Fish Tanks are not highly recommended for hedgehogs as they do not provide enough air flow for them, if you continue to use it, make sure to keep it clean of poop and pee, otherwise your little guy will have to breath it, which isn't good for them. Tank wise that's probably the smallest you'd want a hedgie to be in, anything smaller and there just isn't enough room.

Heating is -highly- important to them, even if the guy or breeder you got him/her from said that their hogs were bred to be immune to heat differences, its basically bull. If your dorm room is a steady 75'F or more than you are safe in general, but each hedgie reacts differently to temps, some can be fine at 72'F while others might try and hibernate at that temp. And as they get into old age, they typically need more warmth.

Also note that glass tanks are somewhat hard to heat, there's the possibility of overheating or even cooking the hedgie if you don't have the right equipment. You're going to want to grab yourself the following supplies.

- Thermometer, most use an indoor/outdoor digital one as you can place the 'outdoor' probe in the bottom rear center of the cage/tank and then have the indoor reading unit on top, to give you an idea of top and bottom temps.

- Heat Lamp with a clamp - These are found in any pet store or even home depot / lowes.

- CHE Bulb, aka a Ceramic Heating Element, its not an actual light but kind of looks like the top of an electric stove encased in plastic. It provides heat without the light. But do not use this unless you have a...

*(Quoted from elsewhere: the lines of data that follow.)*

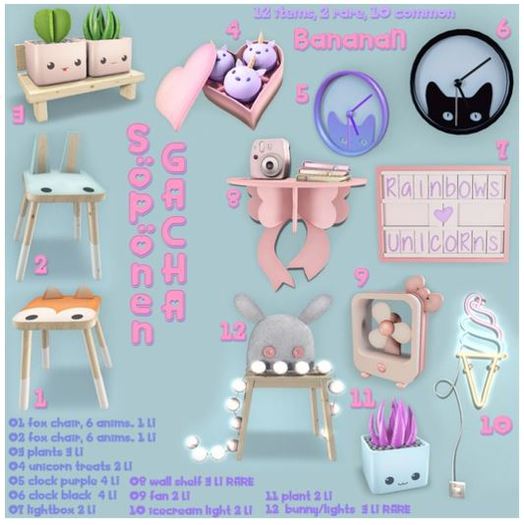 02 Soponen Gacha - bunny chair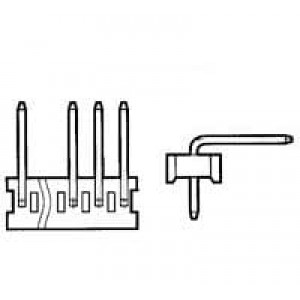1-640385-4, Проводные клеммы и зажимы FLAT HEADER R.A. 14P Square post tin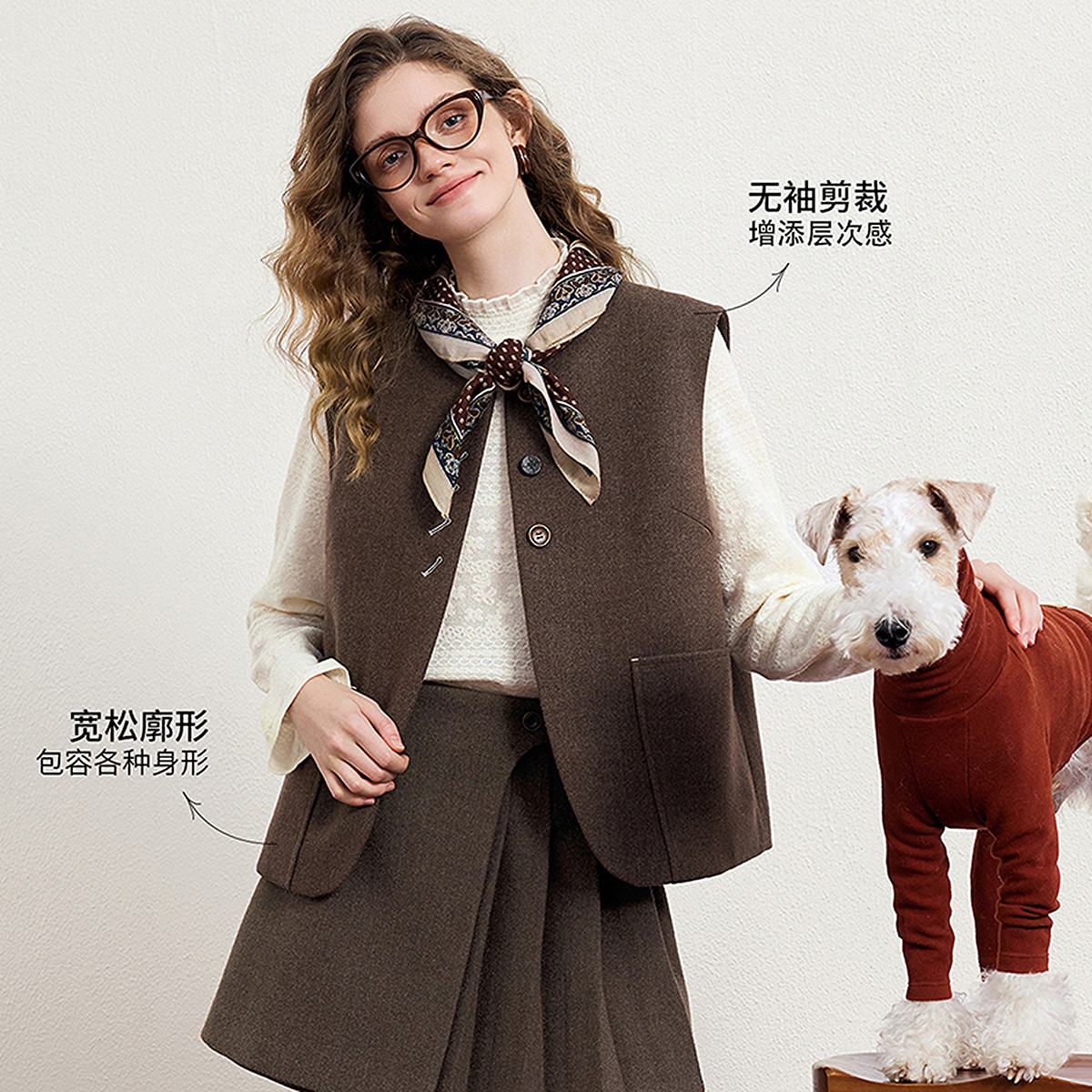 KBNE老钱风灰色女士马夹秋装新款外穿背心上衣小个子马甲外套女装,淘宝优惠券,粉丝福利购,淘宝优惠卷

- Thermostat, recommendation is the Zoo Med ReptiTemp 500R which you plug the heating lamp into. This allows you to set a specific temp you want the cage to be, and it will turn the heat lamp with the CHE on and off to keep it at a steady temp. There are cheaper models of this which do not indicate actual temp, its more or less just a dimmer switch and without the specific temp setting means the CHE will run all the time, so it could make the tank way too hot.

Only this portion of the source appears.